Reading Protest and Progress is to read an instant classic. It is a detailed, well-annotated account of the history of the Seventh-day Adventist Church as it relates to its African American members.
The author, Calvin B. Rock, is retired after serving as a general vice president of the General Conference, president of Oakwood University, and chair of several important boards and committees. His is a voice of credibility. Beyond that, Rock is a bridge between Adventist past and its present. His maternal grandmother, Etta Littlejohn Bradford, was among the first 16 students to enroll in Oakwood Industrial School (now Oakwood University).

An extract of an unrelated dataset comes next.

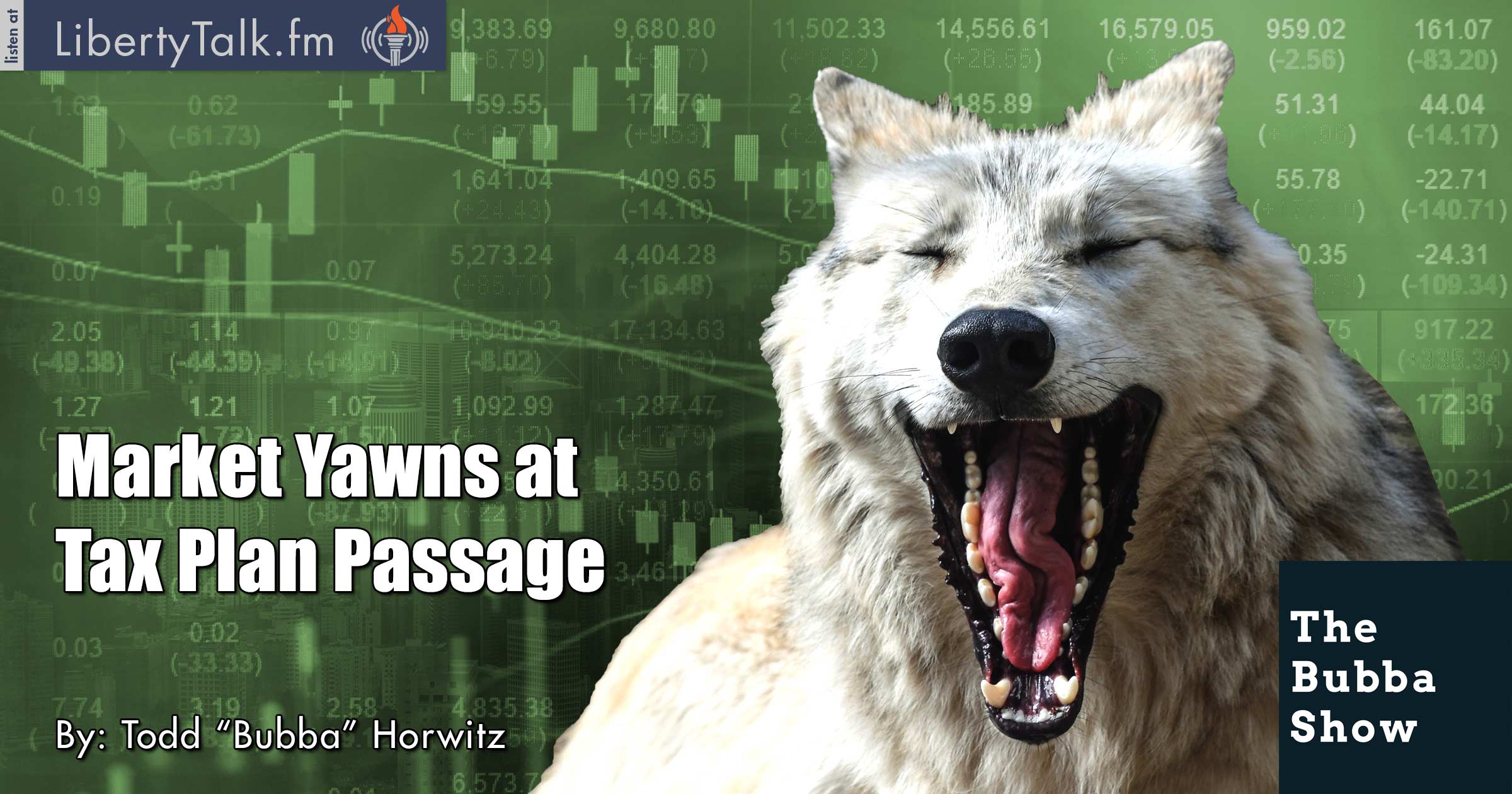 Market Yawns at Tax Plan Passage - The Bubba Show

With amazing (and sometimes overwhelming) detail, the author traces the positions of White Adventist pioneers—almost all of whom were abolitionists—comparing them with later administrators, most of whom practiced, though they did not publicly advocate, separation between Blacks and Whites. In the process he tells the stories of such captivating personalities as Charles Kinny, Lewis Sheafe, James Howard, and W. H. Green, who worked, with varying degrees of success, to bring the races closer together.
The story of Black inclusion in the life and leadership of the Seventh-day Adventist Church reflects in many ways the experience of African Americans in the wider population in the United States. Through the last half of the nineteenth century and the first half of the twentieth, Black and White individuals in both spheres were expected to know their place and behave accordingly.
But the gospel’s imperatives of equality and inclusion permeate the book, which is divided into three parts: The Protest Movements, The Challenge Ahead, and Appendices.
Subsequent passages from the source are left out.